14.2 Binaural Source Separation
In binaural separation, the various sources are segregated according to spatial cues extracted from the signals available at both ears. This is the case for signals transduced by the microphones of a two-ear hearing-aid system or of the signals available at the microphones in the artificial ears of a dummy head. The type of apparatus is irrelevant, as long as human-like head shadowing is present in-between the microphones. A common strategy is to first detect and discern sources based on the DOA of waves, which is the object of Section 14.2.1, and then to build suitable time-frequency masks in a two-channel STFT representation of the binaural signal in order to demix them.
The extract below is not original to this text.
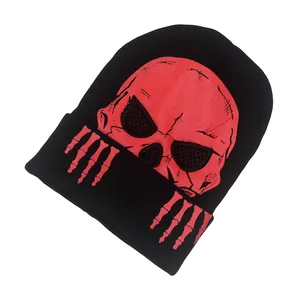Détail d'un bonnet en maille noire avec motif tête de mort et mains de squelette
Each mask, which can be binary or continuous valued with arbitrary values in [0, 1], coarsely represents the time-frequency profile of a given source. Due to energy leakage in finite sliding window time-frequency analysis, the masks are bound to cover broader bands than the ideal time-frequency tracks. The estimation of proper masks is the subject of Section 14.2.2. The masks are multiplicatively applied to both STFT channels and the transforms inverted. The ideal outcome is a set of binaural signals, each representing the sound of a single source spatially placed at the corresponding DOA.
14.2.1 Binaural Localization
An important aspect of binaural localization is the estimation of the DOA in terms of azimuth and elevation. Together with the range information (distance from the ...